The Reconciliation Manifesto: Debunking Nice Canadian Myths and Moving Forward
By Erica Commanda
In the words of Arthur Manuel, “to truly reconcile Aboriginal and Crown title, Canada and the provinces would first have to recognize and affirm our Aboriginal and treaty rights on the ground.” This is repeated several times throughout Manuel’s The Reconciliation Manifesto: Recovering the Land and Rebuilding the Economy. He repeats important information like this throughout the book, I feel, to get his point across.
There are no mincing of words here. Manuel lays all the cards on the table. He explains the complexities of racism, its roots in a legal charter issued by Pope Nicholas V in 1452, how it’s systemic and normalized in not only Canadian society, but in Canadian policy and law.
The Reconciliation Manifesto debunks the widely believed myth that Canada is not a racist nation. That Canada is a tolerant nation. Just because white people are nice to other white people, it doesn’t mean that racism is non-existent. There is such thing as being nice and racist. Have you ever heard a nice white person say: weren’t you just killing each other all off anyways? Conquering other societies has been a part of this world forever, who cares? We stole this land fair and square, and other casually racist phrases nice white settler Canadians like to say when talking about Indigenous issues.
Manuel also calls out the current Liberal government’s co-opting of reconciliation in order to achieve the extermination of Indigenous rights and carrying on the work of the Conservative and Liberal governments before them. The Canadian Prime Minister is really good at marketing and putting on a great act. “[Justin Trudeau] can cry a tear, almost at will, for our pitiful state, but he is as ruthless as the others in keeping us there with his inherited extinguishment policies that seize our land and leave us in poverty and despair,” explains Manuel.
Despite the tough topic subject matter, Manuel writes all of this in an easy to understand way that can still unfortunately be applied to the ongoing news events of today: the BC NDP’s approval Dam Site C despite protests from Indigenous people, the surprise splitting of Indigenous and Northern Affairs Canada to name a couple. All of this reinforces that this colonial system is not meant for Indigenous people to flourish by our own means.
It’s not all doom and gloom, although it can seem that way at the beginning of The Reconciliation Manifesto.
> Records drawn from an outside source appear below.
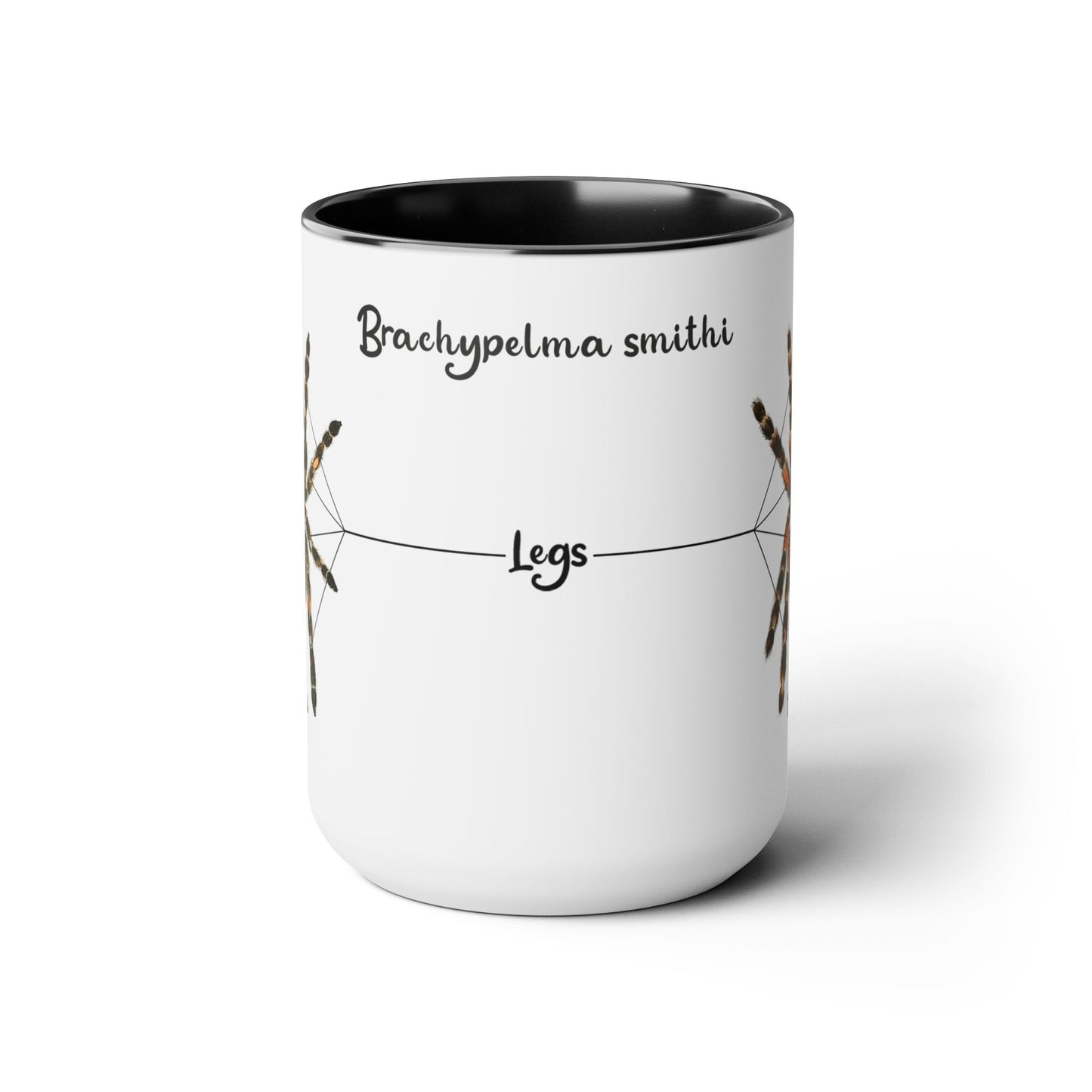 Brachypelma Smithi Anatomy Mug, 15oz (Medium)
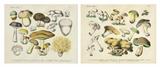 Lot 63: KARL HOFFMAN, (German, late 19th century), Mushroom Botanical Prints, Hand colored lithographs (two works), Each: H 12½ x W 15¾ inches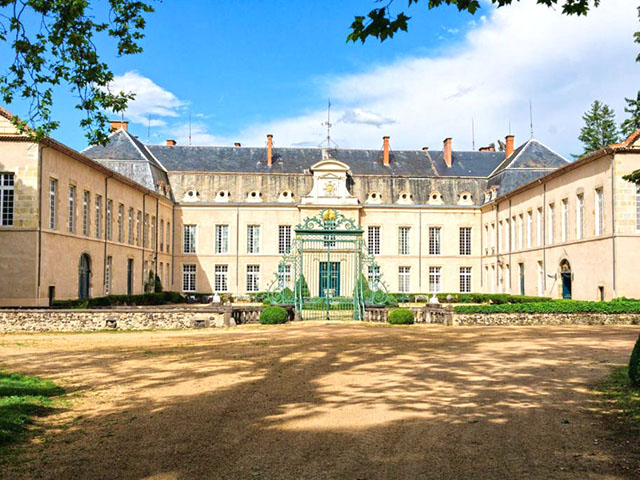 Clermont-Ferrand - Magnifique Château 17.0 pièces - Vente immobilière France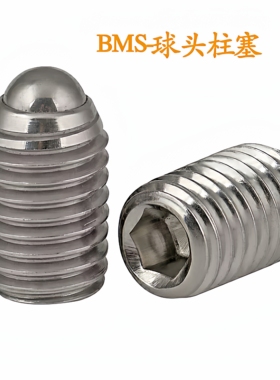 BMS3/4/5/6/8/10/12/16不锈钢球头柱塞 C-BSX10-10P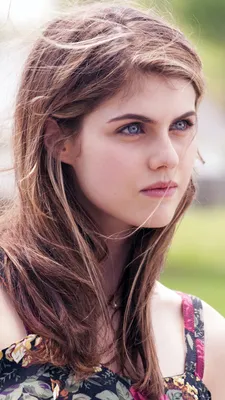 Скачать бесплатно обои ID: 425312 / Celebrity Alexandra Daddario, Брюнетка, Голубые глаза, Актриса, Американка, Лицо, 800x1280 скачать бесплатно картинки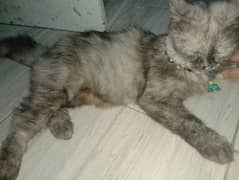 i want to urgent sale percien cat whatsapp number 03014309485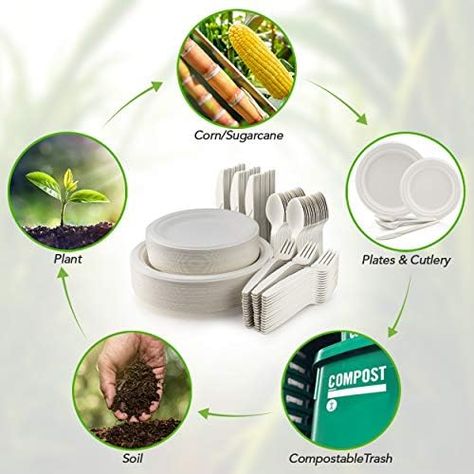 Bulk 250 Piece Biodegradable Paper Plates Set (EXTRA LONG UTENSILS), Disposable Dinnerware Set, Eco Friendly Compostable Plates & Utensil include Plates, Forks, Knives and Spoons for Party Manufacturer Check more at https://1.800.gay:443/https/www.packagingeye.com/product/bulk-250-piece-biodegradable-paper-plates-set-extra-long-utensils-disposable-dinnerware-set-eco-friendly-compostable-plates-utensil-include-plates-forks-knives-and-spoons-for-party-manufacture Compostable Plates, Compost Soil, Wood Plates, Food F, Disposable Plates, Dessert Appetizers, Appetizer Plates, Plates Set, Hot Meals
That’s just because Manuel has to explain what Indigenous people have been up against for the last 150+ years. He’s a solutions person. Part of his legacy is creating the building blocks for a better society, where Indigenous people are no longer oppressed and we all can prosper on this land. The latter part of the book speaks to this.
The power is in the people. While we do have an uphill battle, education through books like this and Indigenous lead movements like Idle No More and Defenders of the Land can help lead society in actual reconciliation, recovering the land and rebuilding the economy for all of us to benefit. Manuel states,“In defending the land…we are defending something much larger than Indigenous rights. Our fight today is to preserve the planet in a livable form.”
In the end of it all, this also begs the questions: when will we learn that politics is just a facade to maintain the status quo of the rich and elite who don’t care for the future of this planet or next seven generations that are going to live on it? And what can we do about it?